Creating A Numpy Array
# Creating a NumPy array
>>> import numpy as np
>>> an_array = np.array([[1,2,3], [4,5,6]], dtype=np.uint8)
>>> an_array
array([[1, 2, 3],
[4, 5, 6]], dtype=uint8)
Some Commonly Used Attributes And Methods Of A Numpy Array Object
# Some Attributes
>>> an_array
array([[1, 2, 3],
[4, 5, 6]], dtype=uint8)
>>> an_array.shape
(2, 3)
>>> an_array.ndim
2
>>> an_array.T # Also as_array.transpose()
array([[1, 4],
[2, 5],
[3, 6]], dtype=uint8)
>>> an_array.max()
6
>>> an_array.argmax(axis=0) # Returns index of max element along the given axis
array([1, 1, 1])
>>> an_array.argmax(axis=1)
array([2, 2])
>>> an_array.mean()
3.5
>>> an_array.astype(dtype=np.float) # Convert to another data type
array([[ 1., 2., 3.],
[ 4., 5., 6.]])
>>> an_array.strides # Number of steps to move in the memory to reach the next element of row or column
(3, 1)
There are a whole lot more of such attributes and methods already in-built for the most basic day-to-day operations on a numpy array structure. The last attribute stated here, strides provides an idea of the memory layout underneath and manipulations with these strides can provide with some really powerful techniques by avoiding unnecessary copies of the data. For example, the strides of a numpy array and its transpose are simply swapped. So, the returned array is actually the same data and not a copy of the original data. These kind of techniques make numpy array very efficient and gentle on the memory.
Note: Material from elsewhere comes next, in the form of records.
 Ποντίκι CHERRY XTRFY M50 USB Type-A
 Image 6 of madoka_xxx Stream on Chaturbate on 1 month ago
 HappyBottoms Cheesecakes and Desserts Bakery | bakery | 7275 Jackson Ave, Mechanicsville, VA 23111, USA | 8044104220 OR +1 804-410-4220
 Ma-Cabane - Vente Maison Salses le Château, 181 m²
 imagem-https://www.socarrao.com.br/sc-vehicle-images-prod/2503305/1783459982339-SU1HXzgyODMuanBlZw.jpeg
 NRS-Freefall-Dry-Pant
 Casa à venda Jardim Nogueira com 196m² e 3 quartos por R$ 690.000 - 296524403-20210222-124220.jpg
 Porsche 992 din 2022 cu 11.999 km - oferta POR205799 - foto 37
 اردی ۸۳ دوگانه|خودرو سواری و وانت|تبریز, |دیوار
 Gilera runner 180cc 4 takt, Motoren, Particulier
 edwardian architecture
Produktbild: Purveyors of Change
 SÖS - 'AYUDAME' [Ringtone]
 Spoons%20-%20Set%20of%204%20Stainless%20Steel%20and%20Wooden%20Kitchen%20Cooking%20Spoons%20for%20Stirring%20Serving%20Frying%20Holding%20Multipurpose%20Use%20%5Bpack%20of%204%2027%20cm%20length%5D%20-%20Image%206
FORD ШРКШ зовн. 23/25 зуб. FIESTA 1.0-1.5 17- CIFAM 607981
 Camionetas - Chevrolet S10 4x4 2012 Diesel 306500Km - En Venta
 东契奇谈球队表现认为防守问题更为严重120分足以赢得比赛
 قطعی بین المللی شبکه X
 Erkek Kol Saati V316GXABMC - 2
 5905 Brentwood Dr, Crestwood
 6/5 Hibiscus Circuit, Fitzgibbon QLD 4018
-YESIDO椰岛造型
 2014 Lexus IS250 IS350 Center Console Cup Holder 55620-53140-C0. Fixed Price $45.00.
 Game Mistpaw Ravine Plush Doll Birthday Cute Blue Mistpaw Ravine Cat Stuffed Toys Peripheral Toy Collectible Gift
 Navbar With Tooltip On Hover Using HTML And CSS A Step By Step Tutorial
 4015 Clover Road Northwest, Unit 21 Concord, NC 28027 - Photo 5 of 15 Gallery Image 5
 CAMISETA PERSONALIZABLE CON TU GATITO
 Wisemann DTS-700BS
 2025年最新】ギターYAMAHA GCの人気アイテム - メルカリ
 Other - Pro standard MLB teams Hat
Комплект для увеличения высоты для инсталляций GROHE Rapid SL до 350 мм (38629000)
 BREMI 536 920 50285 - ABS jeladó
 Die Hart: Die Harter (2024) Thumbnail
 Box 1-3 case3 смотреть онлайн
More on this in the next post under numpy.lib.stride_tricks.as_strided
function.
# More about Transpose of an array
>>> an_array.T.strides
(1, 3)
>>> array_trans = an_array.T
>>> array_trans[1, 1] = 0
>>> array_trans
array([[1, 4],
[2, 0],
[3, 6]], dtype=uint8)
>>> an_array
array([[1, 2, 3],
[4, 0, 6]], dtype=uint8)
Indexing
NumPy supports the Python-like slicing and indexing. Slices of numpy arrays are views (pointers to data as in C/C++) to the original data and any modification is reflected in the orginal data as well.
# Basics of Indexing
# Indices start from 0, ..., (n-1) if there are 'n' elements
>>> a = np.arange(10); a # Function to generate a sequence of numbers
array([0, 1, 2, 3, 4, 5, 6, 7, 8, 9])
>>> a[2:5]
array([2, 3, 4])
>>> a[::1]
array([0, 1, 2, 3, 4, 5, 6, 7, 8, 9])
>>> a[::2] # Increments in the index
array([0, 2, 4, 6, 8])
# Indices start with -1 from the opposite direction: -n, ..., -1
>>> a[3:-3]
array([3, 4, 5, 6])
Fancy Indexing
NumPy also supports Fancy Indexing: indexing using boolean or integer arrays.
# Fancy Indexing
# `np.random.random_integers` function to generate random integers
# First 2 arguments refer to the range in which the random int are to be
# generated and the 3rd arg is for the size of the output
>>> mask = np.random.random_integers(0, 1, (3,3))
>>> mask
array([[0, 0, 0],
[0, 0, 1],
[1, 0, 0]])
>>> arr = np.random.random_integers(10, 20, (3,3))
>>> arr
array([[13, 10, 18],
[11, 14, 15],
[10, 17, 11]])
>>> arr[mask == 1]
array([15, 10])
References
Van Der Walt, Stefan, S. Chris Colbert, and Gael Varoquaux. “The NumPy array: a structure for efficient numerical computation.” Computing in Science & Engineering 13.2 (2011): 22-30.